We observe that a European Call option with strike $L > K$ can be seen as a Call option with strike $L-K$ on a Call option with strike $K$. Under no arbitrage assumptions, this yields immediately that the prices of the two contracts are the same, in full generality. We study in detail the relative pricing function which gives the price of the Call on Call option as a function of its underlying Call option, and provide quasi-closed formula for those new pricing functions in the Carr-Pelts-Tehranchi family [Carr and Pelts, Duality, Deltas, and Derivatives Pricing, 2015] and [Tehranchi, A Black-Scholes inequality: applications and generalisations, Finance Stoch, 2020] that includes the Black-Scholes model as a particular case.

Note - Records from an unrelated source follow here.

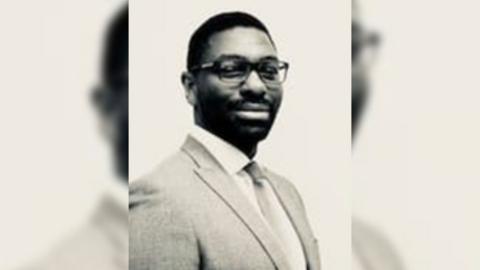 A sepia image of Damo Awobajo, a man wearing glasses, a suit jacket plus a shirt and tie.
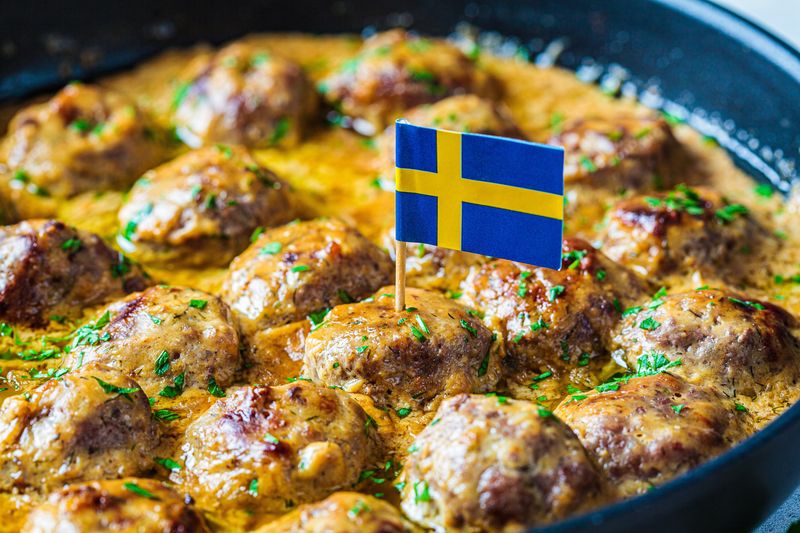 Boulettes de viande suédoises dans une sauce crémeuse dans une poêle à frire noire, fond gris, gros plan. Scandinave p...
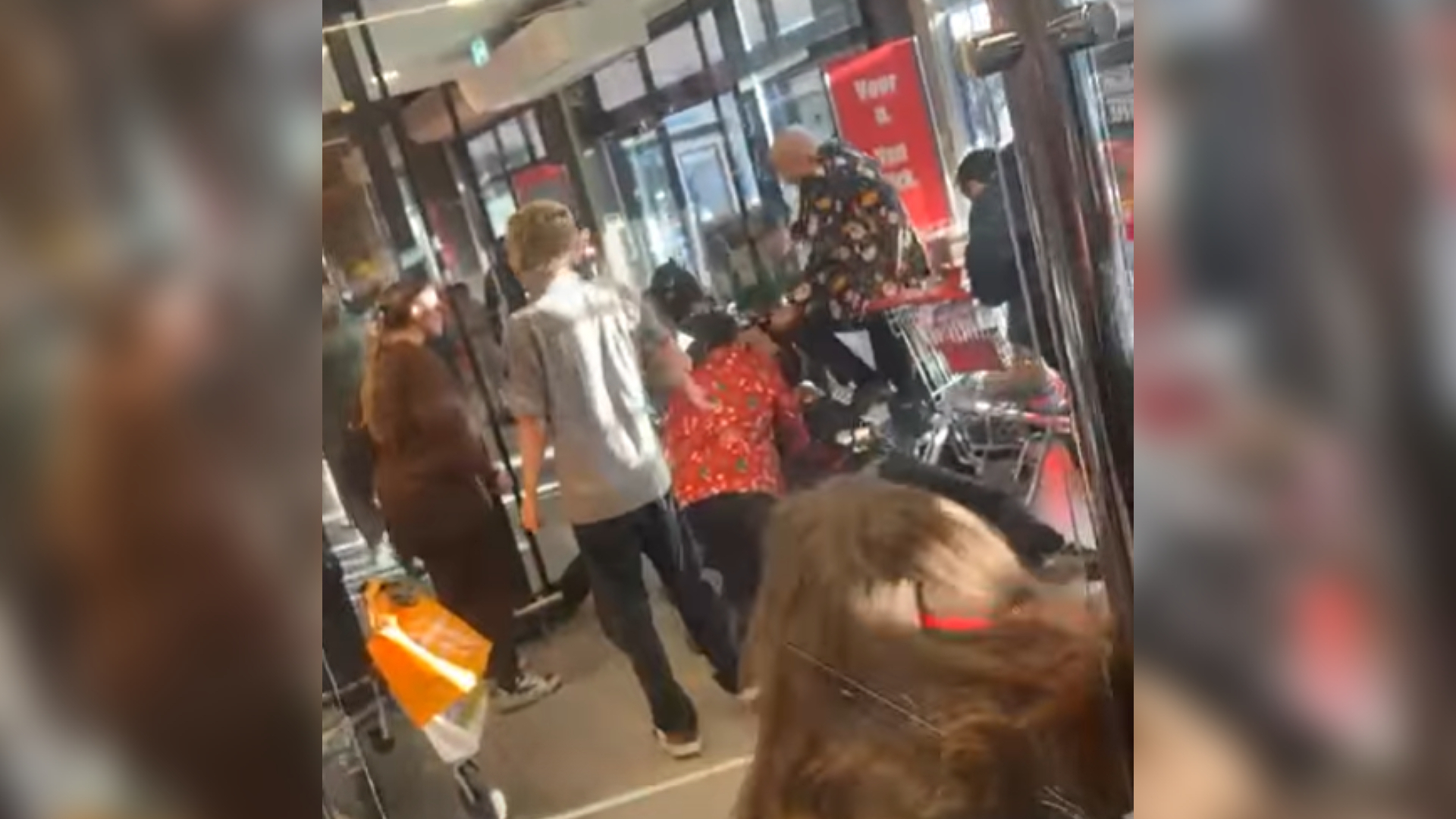 In de video is te zien dat een winkelmedewerker iemand schopt die op de grond ligt.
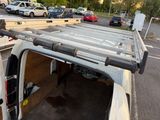 vehicles parked in a parking lot with a ladder on the back of a van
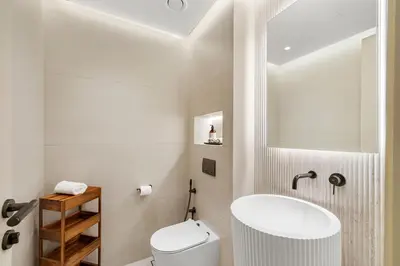 a bathroom with a white toilet and a sink at Upscale City Walk 3BR plus Maid Near Dubai Mall in Dubai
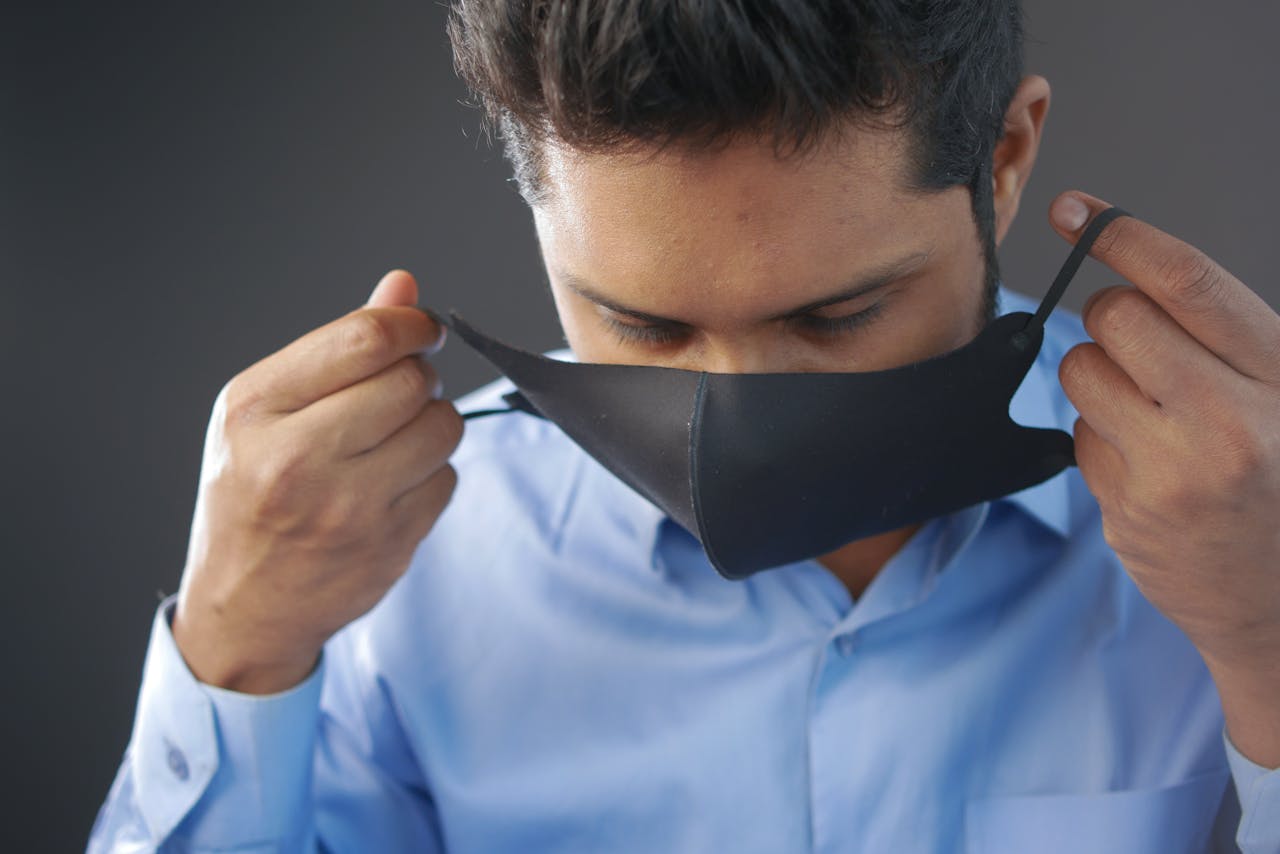 Man in blue shirt putting on a face mask for safety and health protection.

We also study the properties of the function that maps the price normalized by the underlier, viewed as a function of the moneyness, to the normalized relative price, which allows us to produce several new closed formulas. In connection to the symmetry transformation of a smile, we build a lift of the relative pricing function in the case of an underlier that does not vanish. We finally provide some properties of the implied volatility smiles of Calls on Calls and lifted Calls on Calls in the Black-Scholes model.

Suggested Citation

  • Claude Martini & Arianna Mingone, 2023. "Options are also options on options: how to smile with Black-Scholes," Papers 2308.04130, arXiv.org.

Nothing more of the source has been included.